I just use NTFS for games and apps that I also run under Windows10, because there are several things I still can't do under Linux so am forced on win10 quite often.

I wonder if the casual user would notice a difference between whatever current drivers there are and this one. Either way, I hope work continues on this, since I dual boot w/ Windows.

I still don't understand what would have been the advantage to write it as a userspace driver: maybe the fear to not get it merged?

1. Barrier to entry -- you don't have to learn kernel interfaces and general kernel programming, just the FUSE API
2. Easier debugging in userspace
3. More resilient, bugs in the unpriviledged FUSE driver should not be able to crash the kernel
4. Easier deployment, no need to migrate to every new kernel version
5. Cross-platform support, as FUSE is not bound to Linux

I don't really know the difference. I just know r=read, w=write, x=execute, and there are 3 sets of them for user, group and world. Then I don't know how NTFS works. I don't know why the POSIX one is bad, or why the Windows one is good.

NTFS permissions are much more fine-grained than POSIX permissions, and they go far beyond setfacl abilities. However NTFS performance is not exactly... good : http://blog.zorinaq.com/i-contribute...an-other-oper/ - thus relying on a proprietary file system may not be the best thing to do.

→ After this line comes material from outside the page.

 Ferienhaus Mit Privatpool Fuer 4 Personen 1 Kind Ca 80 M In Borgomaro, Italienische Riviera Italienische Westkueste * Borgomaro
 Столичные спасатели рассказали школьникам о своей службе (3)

Linux-Unix "user-group-other" permissions have the advantage that they are clearly auditable (and easily understandable). For example, when you see the permissions of a file... you quickly know who can read it (unlike what happens with ACLs, where you have to see the inheritances of the previous folders, the exclusions, the changes that will be inherited, the changes which will be not inherited, etc. --and many previous folders can exist). Having difficulties knowing who can read a file ends up causing serious troubles (sometimes legal ones).

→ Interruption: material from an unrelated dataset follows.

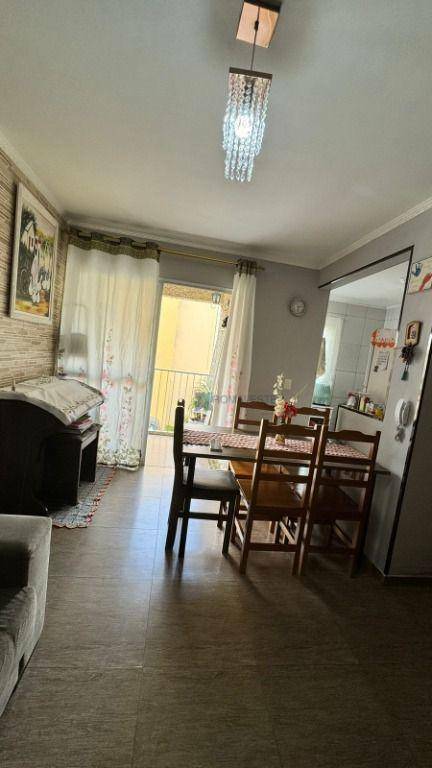 Apartamento à venda com 2 quartos, 57m² - Foto 2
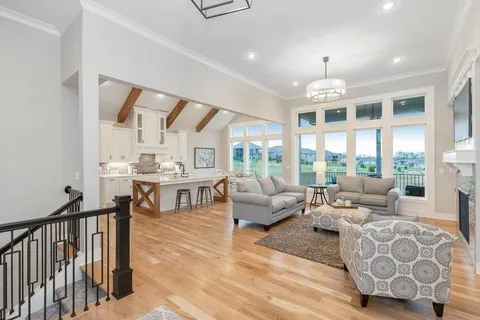 $706,900 | 25030 West 141st Street, Olathe, KS 66061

When creating users of the same kind: in some cases it's better to use an auxiliary script e.g. in order to add each user to some groups. That script also comes in handy for automating other jobs that have to be done when creating a user (even if ACLs are used).

A phoronix shootout benchmark with Linux+root=ntfs vs Linux+root=ext4 would solve this.

For one thing, the POSIX model only allows read, write and execute. It can't distinguish between allowing a user to overwrite a file or simply appending to a file (important for log files in particular), it provides no permissions for manipulating attributes or making changes to the permissions themselves, renaming a file, or other permissions that may not apply to files but are meaningful for other objects (be able to bind a socket to a port, for example, or tracing permissions on a process etc.) One of my pet peeves in POSIX is that by default there is no permissions to delete a file. It's handled by write permissions to the containing directory, which means that if you can create a file somewhere, then by the same token you can also delete any file in that same dir (including files you don't own), which is utter madness. In Linux some of these issues are handled by additional attr flags, but those are not part of the permissions, can't be set separately for users, groups etc and are lost in any tool that only preserves permissions and not other attributes.

Then as you say, POSIX only handles the user, one single group and the world. It can't set various permissions discretely for multiple individual users or groups. This is called ACLs (Access Control Lists) and Linux supports it but the way it's implemented makes it a huge pain to use, it's still limited to the r/w/x model and it can only apply to actual files, not to other types of file descriptors.